Reid, 46, arrived in Orlando nearly 20 years ago and took a job as a surveyor at Walt Disney World. One day 10 years ago, a friend of his who was the pro at a nearby country club told Reid he thought there might be a lot of balls in one of the course's water hazards. Reid dived in and discovered "the bottom of the pond was covered with golf balls," he recalls. "White gold!" Reid gave up surveying and plunged into ball salvaging. Soon his garage was crowded with Spaldings and Pinnacles and Maxflis and Top-Flites and Acushnets. He washed them in an old Maytag and resold them to the hapless souls who had hit them into the pond in the first place.
Now Reid and the 10 divers he employs comb ponds all over Florida, the state that boasts the most golf courses, and most lost balls, in the country. His divers recovered six million balls last year alone. Each ball is cleaned in a vat of mysterious, stain-removing chemicals. Reid is so leery of spies that he makes employees sign a five-page contract, promising never to reveal the solution's formula.
After immersion in Reid's golf dip, the balls are dried in plastic crates and graded and sorted according to brand and general condition. Then they're repainted, clear-coated and packed off to pro shops and driving ranges, where the cycle starts all over again. The average cost of the reconditioned balls is $325 per 500-ball box.
Actually, Second Chance is something of a misnomer, as most balls have more than two lives. The covering of choice used to be balata, a soft substance that would cut easily or cause balls to "go out of round" quickly. But several years ago manufacturers started using Surlyn, a synthetic substance that provides a harder, more durable jacket. Now even cut balls can be sandblasted and rehabilitated for use on a driving range. The lowest-grade cut balls are sold to cruise ships, from which they're hit into the ultimate water hazard.

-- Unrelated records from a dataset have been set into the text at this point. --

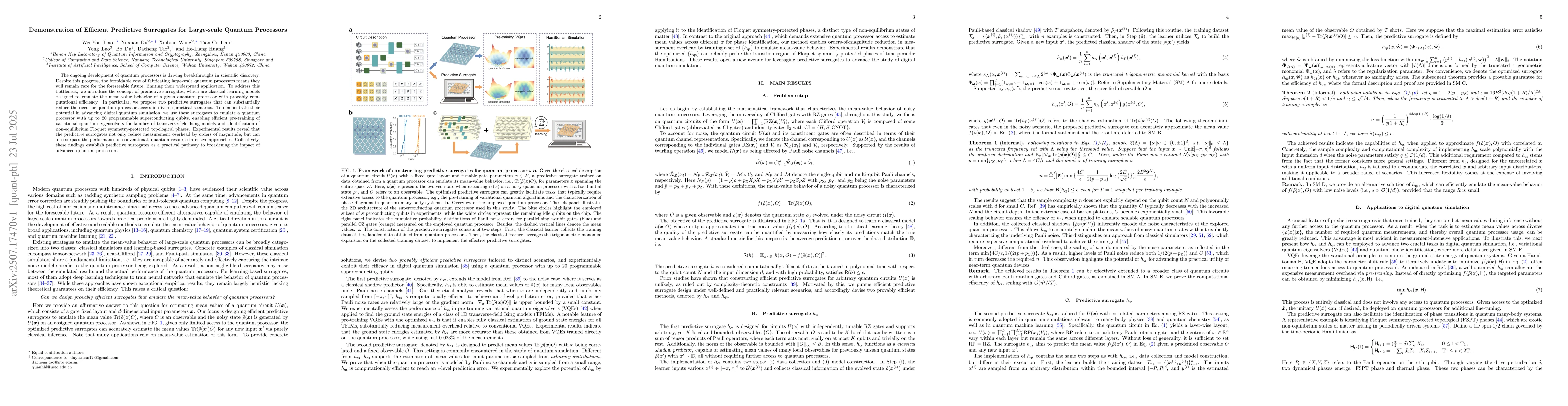 Thumbnail for Demonstration of Efficient Predictive Surrogates for Large-scale Quantum
  Processors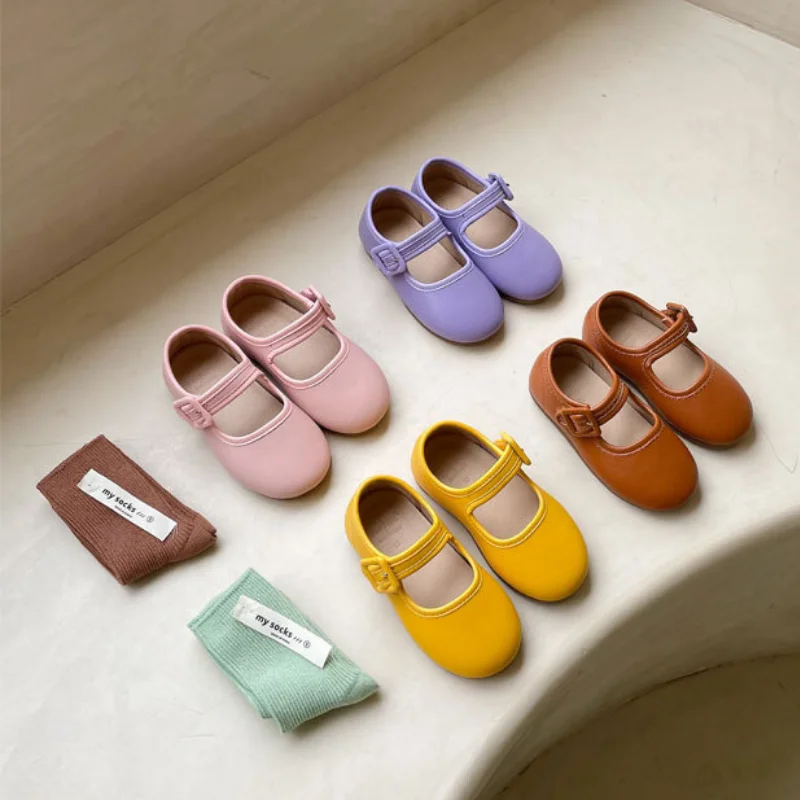 

Spring Kids Shoes Children Casual Shoes Baby Girls Candy Color Fashion Loafers Toddler Ballet Flats Girls Moccasin Mary Jane New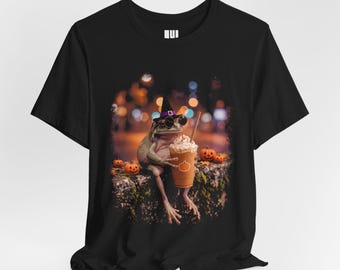 Camiseta de Halloween con diseño de rana bruja / Camiseta estampada de rana bruja espeluznante / Regalo de disfraz de Halloween adorable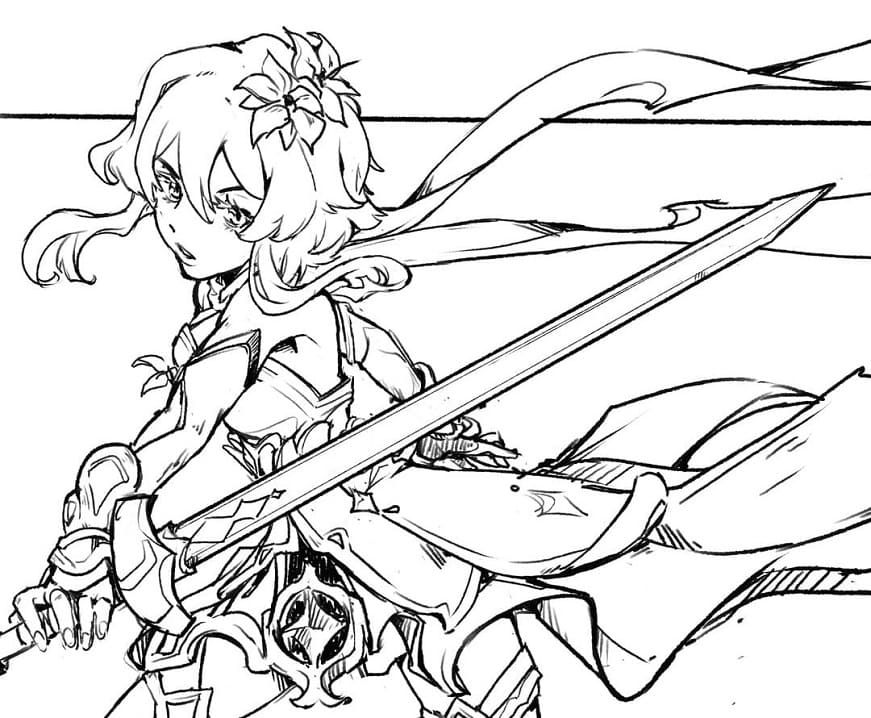 Nakreslete Lumine v Genshin Impact omalovánka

Reid perfected his refinishing technique the way a hacker hones his stroke, through trial and error. He once let 500 range balls clunk around a cement mixer overnight. "They rolled and rolled and rolled," he says. "It took everything off." Including the better part of the dimples.
Unfortunately, he forgot to tell this to the golf pro to whom he sold the balls. The pro called him a few days later. Reid says he sounded perplexed. "What's with those balls?" asked the pro. "They've been loop-de-looping all afternoon."
Reid mentioned the cement mixer.
"No problem," said the pro. "It's been great for business. People have been signing up for lessons all morning."